Brief ▸
Every line between the top of the data below and the line with "Sunset Clouds Poster", both ends included, must be retyped exactly.

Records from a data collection
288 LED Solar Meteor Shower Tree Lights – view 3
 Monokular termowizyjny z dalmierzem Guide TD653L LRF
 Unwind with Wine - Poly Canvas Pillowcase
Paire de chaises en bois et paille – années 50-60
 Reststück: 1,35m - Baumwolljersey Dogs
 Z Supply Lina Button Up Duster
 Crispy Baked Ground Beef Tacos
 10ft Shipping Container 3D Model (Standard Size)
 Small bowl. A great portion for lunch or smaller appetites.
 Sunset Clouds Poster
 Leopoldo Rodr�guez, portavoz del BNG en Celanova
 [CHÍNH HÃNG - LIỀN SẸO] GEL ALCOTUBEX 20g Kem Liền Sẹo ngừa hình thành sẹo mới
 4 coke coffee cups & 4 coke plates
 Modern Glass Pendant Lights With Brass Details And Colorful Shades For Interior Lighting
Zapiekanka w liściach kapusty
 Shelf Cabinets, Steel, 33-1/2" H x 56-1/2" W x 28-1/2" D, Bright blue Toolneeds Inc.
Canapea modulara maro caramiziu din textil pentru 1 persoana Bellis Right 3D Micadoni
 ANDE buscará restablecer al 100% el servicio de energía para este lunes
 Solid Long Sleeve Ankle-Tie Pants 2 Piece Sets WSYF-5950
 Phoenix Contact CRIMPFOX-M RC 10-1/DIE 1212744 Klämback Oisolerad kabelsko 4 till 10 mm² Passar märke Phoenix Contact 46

Solved exercise ▸
288 LED Solar Meteor Shower Tree Lights – view 3
 Monokular termowizyjny z dalmierzem Guide TD653L LRF
 Unwind with Wine - Poly Canvas Pillowcase
Paire de chaises en bois et paille – années 50-60
 Reststück: 1,35m - Baumwolljersey Dogs
 Z Supply Lina Button Up Duster
 Crispy Baked Ground Beef Tacos
 10ft Shipping Container 3D Model (Standard Size)
 Small bowl. A great portion for lunch or smaller appetites.
 Sunset Clouds Poster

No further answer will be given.